Stripe-wear patterns can be readily visualized with reference to THA models and video simulations from La Pitié-Salpêtrière University Hospital (LPUH) that accompany this report (Appendix). Hip range-of-motion (ROM) is blocked when the cup impinges against the femoral neck (Figure 2(a), Figure 2(c)). Our 36 mm COC impingement model (Figure 3) simulates cup-rim profiles across the head for various hip positions. The 10 mm neck provides a head:neck ratio of 3.6, with the ROM-algorithm predicting 148˚ of motion (Figure 2(d)). From a lateral view of posterior-impingement (Figure 3(a), Figure 3(b)), the black stripe begins at the posterolateral margin and traversing anteriorly crosses the polar region (MWZ) in the anteromedial quadrant to meet tangentially with the polar-circle (Figure 3(c): PC). The stripe in this model has a 16.1˚ inclination (see Figure 2(c): CIA). Crossing the MWZ (Figure 3(d)), the black stripe re-enters the posterior quadrant and traverses in posteroinferior direction. For comparison, the red stripe (Figure 3(d)) represents cup profile with impingement in hip flexion. These stripes are mirror images due to lack of simulated anatomy and component positioning.

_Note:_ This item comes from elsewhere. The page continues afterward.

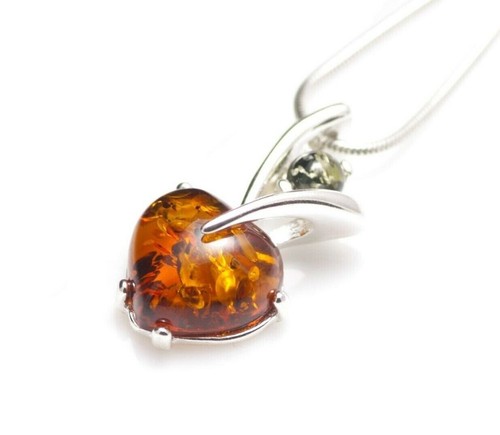 Collana ciondolo cuore argento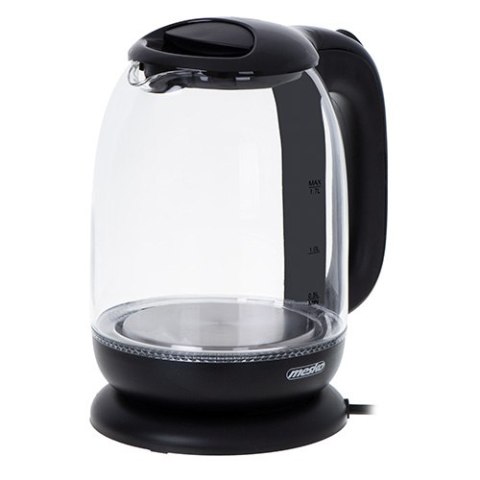 MS 1302 black Czajnik szklany 1,7 l MS 1302 black Czajnik szklany 1,7 l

A realistic assessment of THA impingement is available in video downloads from LPUH (Appendix). The videos depict anatomical component positioning in “functional-standing” and “functional-sitting” postures. In video-1, the femoral-head and neck represent a THA (left hip-joint) with green and purple head quadrants signifying anterosuperior and anteroinferior facets, respectively. The femoral neck is a gray cylindrical representation that allows for both THA (15˚ anteversion, head-neck ratio 2.5) and RA designs. The 1^st video segment depicts frontal and lateral views of cup on left and right sides of the screen, respectively. Hip abduction of 36˚ is depicted in a “functional-standing” posture. With hip-extension, the femoral neck impinges on the posteroinferior cup rim (lateral view), creating edge-loading on its posterior facet. Note the black stripe appearing at the contra-rim site indicating anterosuperior edge-loading on the head.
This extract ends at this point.